Introduction: Mena, an Ena/VASP protein family member, is a key actin regulatory protein. Mena is up-regulated in breast cancers and promotes invasion and motility of tumor cells. Mena has multiple splice variants, including Mena invasive (Mena^INV) and Mena11a, which are expressed in invasive or non-invasive tumor cells, respectively. We developed a multiplex quantitative immunofluorescence (MQIF) approach to assess the fraction of Mena lacking 11a sequence as a method to infer the presence of invasive tumor cells represented as total Mena minus Mena11a (called Mena^calc) and determined its association with metastasis in breast cancer.Methods: The MQIF method was applied to two independent primary breast cancer cohorts (Cohort 1 with 501 and Cohort 2 with 296 patients) using antibodies against Mena and its isoform, Mena11a.
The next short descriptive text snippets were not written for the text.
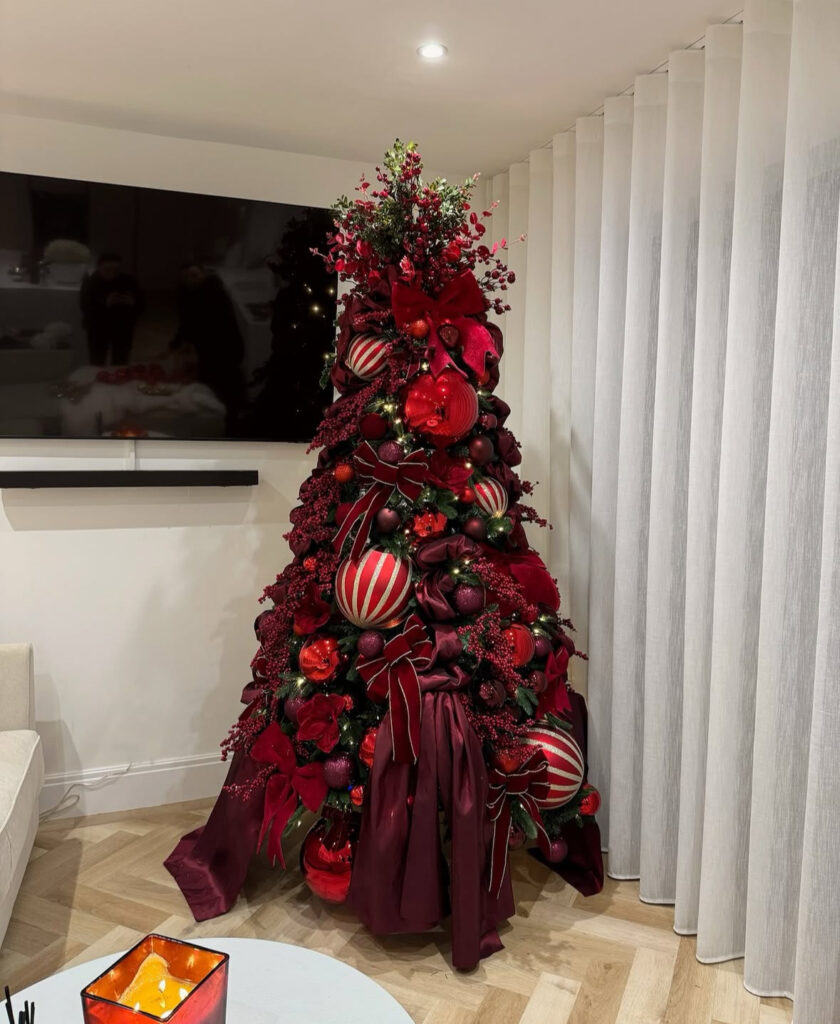 Velvet ribbon waterfall on a burgundy Christmas tree with candy stripe accents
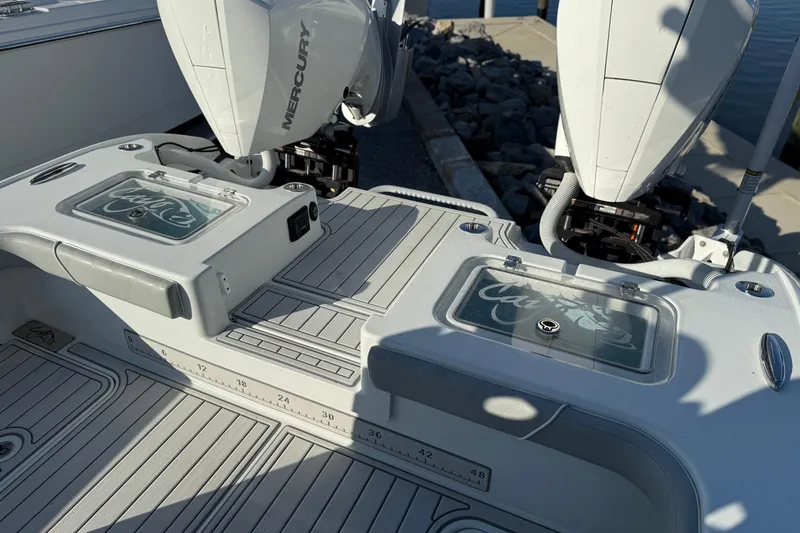 Slide: The Image of 2021 Costa Custom Boats 264 HC deck with dual Mercury engines and storage compartments. - 21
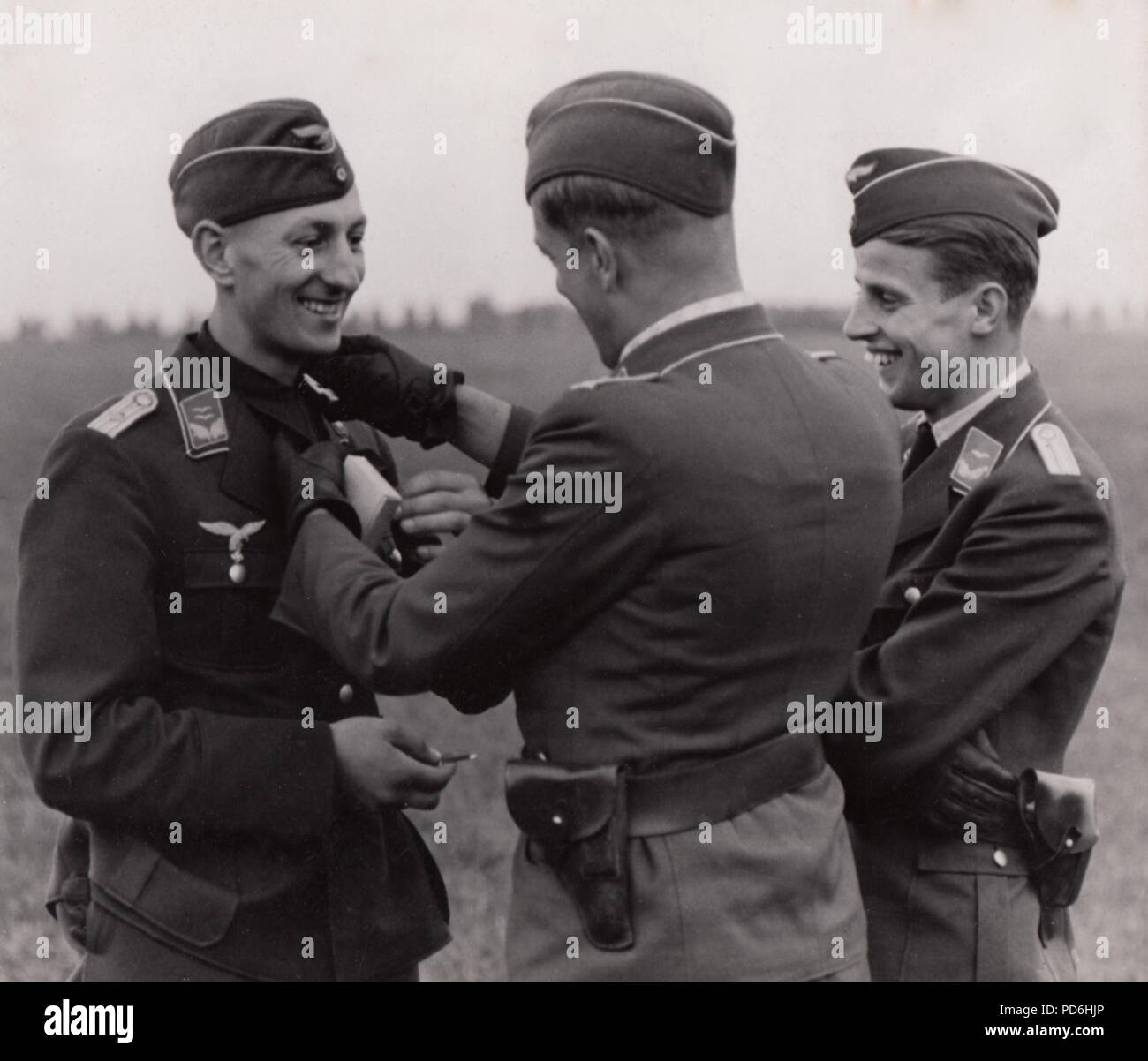 Bild aus dem Fotoalbum von Oberleutnant Oscar Müller von kampfgeschwader 1: In einem fröhlichen Moment, Oberleutnant Zeitler der 5./KG 1 sein eisernes Kreuz 1.Klasse bekommt am Flugplatz Rosiére, Frankreich, im September 1940. Die Präsentation von Officer ist Pinning die Auszeichnung auf Zeitler die Kehle durch, in der Position des Kreuzes des Ritter des Eisernen Kreuzes. Leutnant Oscar Müller ist auf der rechten Seite des Trios. Stockfoto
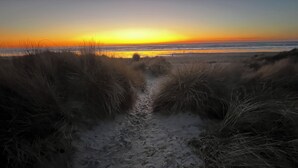 A sandy path leading to a beach with a sunset in the background. - Beautiful Manzanita Getaway- Perfect for Family Large or Small - MCA #769 (Manzanita)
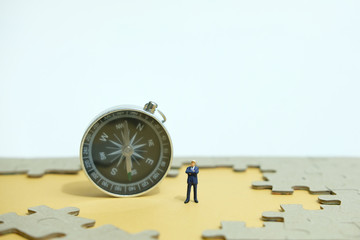 Business strategy conceptual photo - Miniature businessman standing beside compass in the middle of jigsaw puzzle 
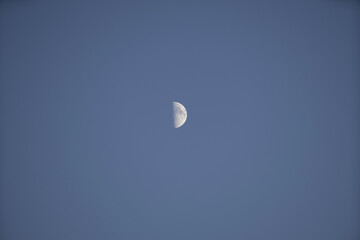 Riga, Latvia 05-09-2024 A Lone Moon Gazes Upward in the Endless Blue Sky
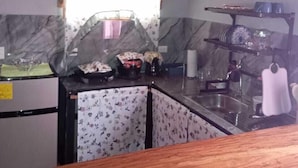 Una cocina compacta con salpicadero de mármol, encimera de madera y un lavabo.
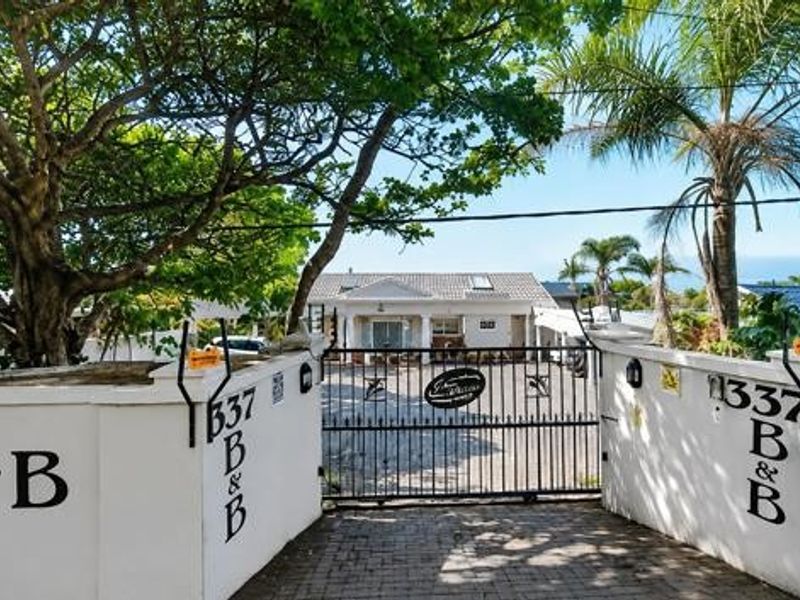 Front entrance view of the property featuring a secure wrought iron gate, masonry boundary walls, and a paved driveway leading to the main house.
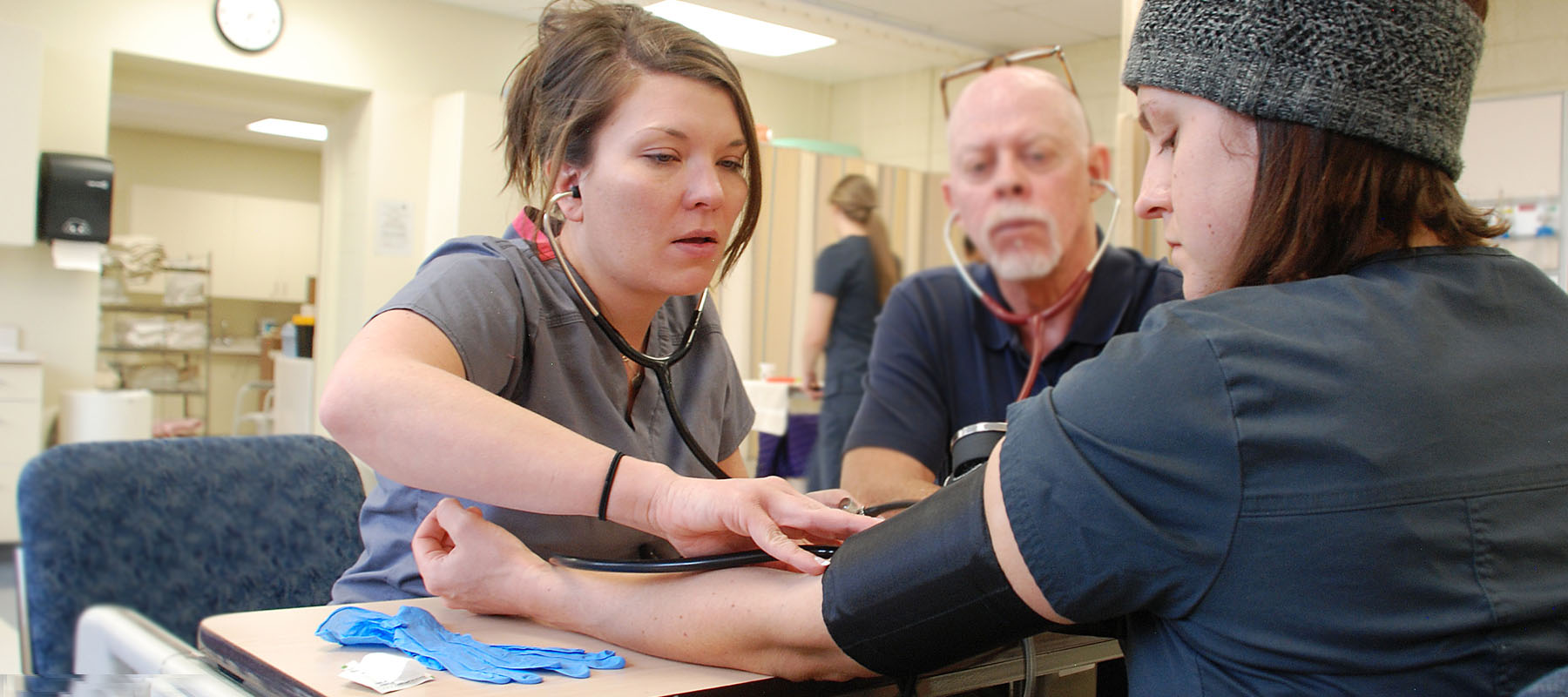 students in scrubs practicing taking a patient's blood pressure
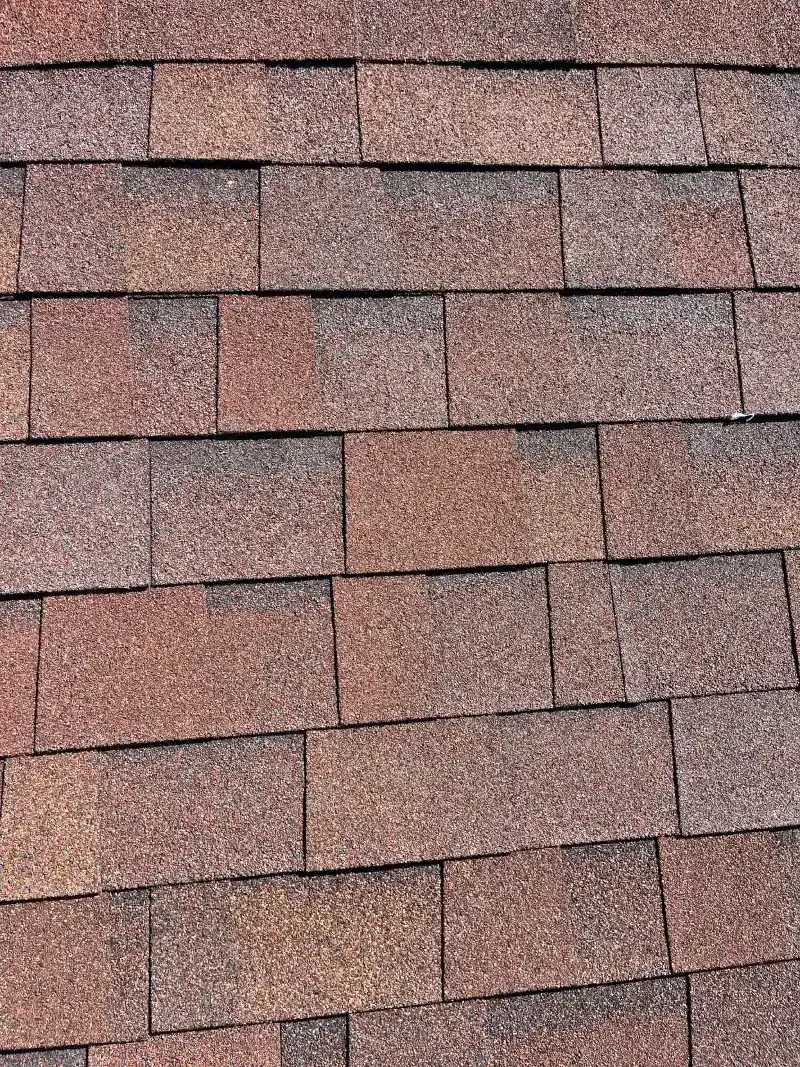Close-up of brown asphalt roof shingles with varying color tones.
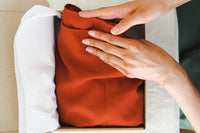 Two hands are carefully removing a dark orange piece of clothing from a box. Box has tissue paper in it.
Mena^calc was determined for each patient and assessed for association with risk of disease-specific death.Results: Total Mena or Mena11a isoform expression failed to show any statistically significant association with outcome in either cohort. However, assessment of Mena^calc showed that relatively high levels of this biomarker is associated with poor outcome in two independent breast cancer cohorts (log rank P = 0.0004 for Cohort 1 and 0.0321 for Cohort 2). Multivariate analysis on combined cohorts revealed that high Mena^calc is associated with poor outcome, independent of age, node status, receptor status and tumor size.Conclusions: High Mena^calc levels identify a subgroup of breast cancer patients with poor disease-specific survival, suggesting that Mena^calc may serve as a biomarker for metastasis.